Go to the line below containing "Opel Karl Rocks 1.0 73 CV" and print exactly from there through the line containing "Ai Đó Đang Điều", both included. Print nothing else.
= = = = = = =
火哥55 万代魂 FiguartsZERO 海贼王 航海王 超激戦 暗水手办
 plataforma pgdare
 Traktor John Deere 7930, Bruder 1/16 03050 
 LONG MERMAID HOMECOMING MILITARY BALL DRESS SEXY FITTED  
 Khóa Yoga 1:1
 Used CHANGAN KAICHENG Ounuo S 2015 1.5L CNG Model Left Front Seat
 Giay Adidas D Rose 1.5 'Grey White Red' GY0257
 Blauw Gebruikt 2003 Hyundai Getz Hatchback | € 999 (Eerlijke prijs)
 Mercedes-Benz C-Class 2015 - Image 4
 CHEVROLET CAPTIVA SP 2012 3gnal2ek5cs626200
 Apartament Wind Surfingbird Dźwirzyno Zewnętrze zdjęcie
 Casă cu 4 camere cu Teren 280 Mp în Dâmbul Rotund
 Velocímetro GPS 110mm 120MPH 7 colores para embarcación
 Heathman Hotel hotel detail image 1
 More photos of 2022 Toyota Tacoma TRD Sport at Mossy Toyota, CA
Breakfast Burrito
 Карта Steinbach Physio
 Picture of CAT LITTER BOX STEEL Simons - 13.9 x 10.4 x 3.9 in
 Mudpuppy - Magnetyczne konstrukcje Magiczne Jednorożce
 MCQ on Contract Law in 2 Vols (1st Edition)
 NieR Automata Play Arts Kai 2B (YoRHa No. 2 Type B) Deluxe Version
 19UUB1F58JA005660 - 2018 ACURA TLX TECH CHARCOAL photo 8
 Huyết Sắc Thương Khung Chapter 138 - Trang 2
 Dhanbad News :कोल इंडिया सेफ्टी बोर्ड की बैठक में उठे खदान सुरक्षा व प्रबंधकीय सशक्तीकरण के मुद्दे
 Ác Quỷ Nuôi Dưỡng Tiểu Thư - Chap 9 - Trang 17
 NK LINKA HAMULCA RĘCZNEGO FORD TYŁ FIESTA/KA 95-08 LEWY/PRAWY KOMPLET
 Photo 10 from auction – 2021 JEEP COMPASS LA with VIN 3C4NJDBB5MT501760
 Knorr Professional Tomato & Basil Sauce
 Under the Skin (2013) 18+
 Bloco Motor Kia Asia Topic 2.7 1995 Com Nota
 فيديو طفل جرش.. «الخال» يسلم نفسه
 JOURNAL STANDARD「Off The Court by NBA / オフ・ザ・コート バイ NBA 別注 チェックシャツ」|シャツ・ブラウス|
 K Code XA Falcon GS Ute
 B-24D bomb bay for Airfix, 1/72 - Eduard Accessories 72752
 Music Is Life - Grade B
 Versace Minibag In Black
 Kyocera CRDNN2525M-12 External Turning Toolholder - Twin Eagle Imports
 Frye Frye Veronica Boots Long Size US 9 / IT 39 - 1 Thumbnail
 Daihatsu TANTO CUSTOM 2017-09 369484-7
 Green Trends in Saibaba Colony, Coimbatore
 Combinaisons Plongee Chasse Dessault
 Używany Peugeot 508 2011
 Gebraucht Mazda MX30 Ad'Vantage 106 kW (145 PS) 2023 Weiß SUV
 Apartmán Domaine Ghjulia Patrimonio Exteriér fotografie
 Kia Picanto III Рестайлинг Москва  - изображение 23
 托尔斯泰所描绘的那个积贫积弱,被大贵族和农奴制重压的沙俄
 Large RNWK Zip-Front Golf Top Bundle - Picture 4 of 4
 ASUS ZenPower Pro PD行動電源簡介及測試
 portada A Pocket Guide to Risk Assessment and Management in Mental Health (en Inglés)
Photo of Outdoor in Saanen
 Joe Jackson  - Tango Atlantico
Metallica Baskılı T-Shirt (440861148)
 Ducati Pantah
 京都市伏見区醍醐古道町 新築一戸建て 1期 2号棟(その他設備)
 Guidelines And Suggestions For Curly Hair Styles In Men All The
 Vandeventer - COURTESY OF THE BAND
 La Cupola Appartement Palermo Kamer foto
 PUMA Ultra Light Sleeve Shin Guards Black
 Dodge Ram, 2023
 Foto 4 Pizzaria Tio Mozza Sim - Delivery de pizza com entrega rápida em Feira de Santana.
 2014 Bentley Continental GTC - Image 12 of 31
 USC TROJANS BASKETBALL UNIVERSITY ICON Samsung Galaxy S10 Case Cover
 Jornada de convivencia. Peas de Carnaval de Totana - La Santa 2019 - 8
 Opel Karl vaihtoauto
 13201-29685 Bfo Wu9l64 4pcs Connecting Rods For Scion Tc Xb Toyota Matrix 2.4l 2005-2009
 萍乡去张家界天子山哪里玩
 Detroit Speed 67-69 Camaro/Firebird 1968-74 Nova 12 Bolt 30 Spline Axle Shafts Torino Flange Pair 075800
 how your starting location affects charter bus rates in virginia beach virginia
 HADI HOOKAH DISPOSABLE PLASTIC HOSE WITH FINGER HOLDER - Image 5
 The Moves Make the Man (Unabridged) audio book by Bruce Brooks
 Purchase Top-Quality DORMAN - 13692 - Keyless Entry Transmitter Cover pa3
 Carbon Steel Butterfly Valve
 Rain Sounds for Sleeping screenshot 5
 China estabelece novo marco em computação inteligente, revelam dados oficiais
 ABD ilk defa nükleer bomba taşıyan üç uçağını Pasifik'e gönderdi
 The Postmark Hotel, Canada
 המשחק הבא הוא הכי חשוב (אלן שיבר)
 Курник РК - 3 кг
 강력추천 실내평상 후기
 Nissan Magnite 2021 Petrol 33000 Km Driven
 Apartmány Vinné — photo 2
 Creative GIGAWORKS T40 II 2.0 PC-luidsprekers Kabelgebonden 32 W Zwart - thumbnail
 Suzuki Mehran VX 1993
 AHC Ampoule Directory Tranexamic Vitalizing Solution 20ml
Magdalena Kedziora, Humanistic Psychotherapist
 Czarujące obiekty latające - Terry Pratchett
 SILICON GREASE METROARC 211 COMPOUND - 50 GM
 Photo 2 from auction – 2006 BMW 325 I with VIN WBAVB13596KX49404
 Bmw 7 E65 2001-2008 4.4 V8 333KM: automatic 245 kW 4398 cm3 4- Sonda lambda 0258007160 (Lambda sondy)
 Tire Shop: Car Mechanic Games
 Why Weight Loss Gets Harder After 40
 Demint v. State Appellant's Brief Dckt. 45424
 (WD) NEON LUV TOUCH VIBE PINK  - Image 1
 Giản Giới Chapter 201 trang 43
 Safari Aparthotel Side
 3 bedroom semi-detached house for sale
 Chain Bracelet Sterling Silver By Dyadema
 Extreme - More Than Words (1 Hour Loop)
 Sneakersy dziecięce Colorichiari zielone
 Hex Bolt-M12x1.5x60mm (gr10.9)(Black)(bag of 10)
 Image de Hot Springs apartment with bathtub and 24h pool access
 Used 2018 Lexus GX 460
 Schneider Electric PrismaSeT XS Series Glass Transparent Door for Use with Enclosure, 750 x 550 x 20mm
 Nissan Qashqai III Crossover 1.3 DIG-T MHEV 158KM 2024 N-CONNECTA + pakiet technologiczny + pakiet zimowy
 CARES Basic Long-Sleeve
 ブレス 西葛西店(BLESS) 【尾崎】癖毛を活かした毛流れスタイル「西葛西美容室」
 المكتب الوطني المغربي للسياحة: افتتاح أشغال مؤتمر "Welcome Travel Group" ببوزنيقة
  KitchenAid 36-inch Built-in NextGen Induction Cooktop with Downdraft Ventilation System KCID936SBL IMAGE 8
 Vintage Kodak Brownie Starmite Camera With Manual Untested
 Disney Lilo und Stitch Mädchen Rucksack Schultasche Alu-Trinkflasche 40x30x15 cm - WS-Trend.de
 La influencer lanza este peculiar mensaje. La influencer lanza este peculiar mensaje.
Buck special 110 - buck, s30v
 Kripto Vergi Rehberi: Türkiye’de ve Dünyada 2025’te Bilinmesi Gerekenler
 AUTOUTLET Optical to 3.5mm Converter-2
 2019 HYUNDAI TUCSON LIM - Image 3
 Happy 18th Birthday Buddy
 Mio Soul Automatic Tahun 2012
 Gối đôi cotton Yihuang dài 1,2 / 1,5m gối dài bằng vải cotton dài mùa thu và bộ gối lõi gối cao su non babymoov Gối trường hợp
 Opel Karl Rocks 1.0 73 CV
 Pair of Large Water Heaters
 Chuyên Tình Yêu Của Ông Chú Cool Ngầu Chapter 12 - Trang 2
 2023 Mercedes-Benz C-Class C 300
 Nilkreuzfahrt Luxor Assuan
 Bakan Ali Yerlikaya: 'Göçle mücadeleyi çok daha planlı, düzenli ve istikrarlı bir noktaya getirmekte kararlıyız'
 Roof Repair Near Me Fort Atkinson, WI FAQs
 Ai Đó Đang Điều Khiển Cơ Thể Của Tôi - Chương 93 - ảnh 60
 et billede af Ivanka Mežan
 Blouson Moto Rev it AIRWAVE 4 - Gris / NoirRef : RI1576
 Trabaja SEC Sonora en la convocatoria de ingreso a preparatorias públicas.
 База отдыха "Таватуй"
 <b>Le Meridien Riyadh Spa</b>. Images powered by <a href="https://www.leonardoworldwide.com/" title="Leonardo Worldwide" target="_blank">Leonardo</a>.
= = = = = = =
### OUTPUT FOR THIS EXERCISE
 Opel Karl Rocks 1.0 73 CV
 Pair of Large Water Heaters
 Chuyên Tình Yêu Của Ông Chú Cool Ngầu Chapter 12 - Trang 2
 2023 Mercedes-Benz C-Class C 300
 Nilkreuzfahrt Luxor Assuan
 Bakan Ali Yerlikaya: 'Göçle mücadeleyi çok daha planlı, düzenli ve istikrarlı bir noktaya getirmekte kararlıyız'
 Roof Repair Near Me Fort Atkinson, WI FAQs
 Ai Đó Đang Điều Khiển Cơ Thể Của Tôi - Chương 93 - ảnh 60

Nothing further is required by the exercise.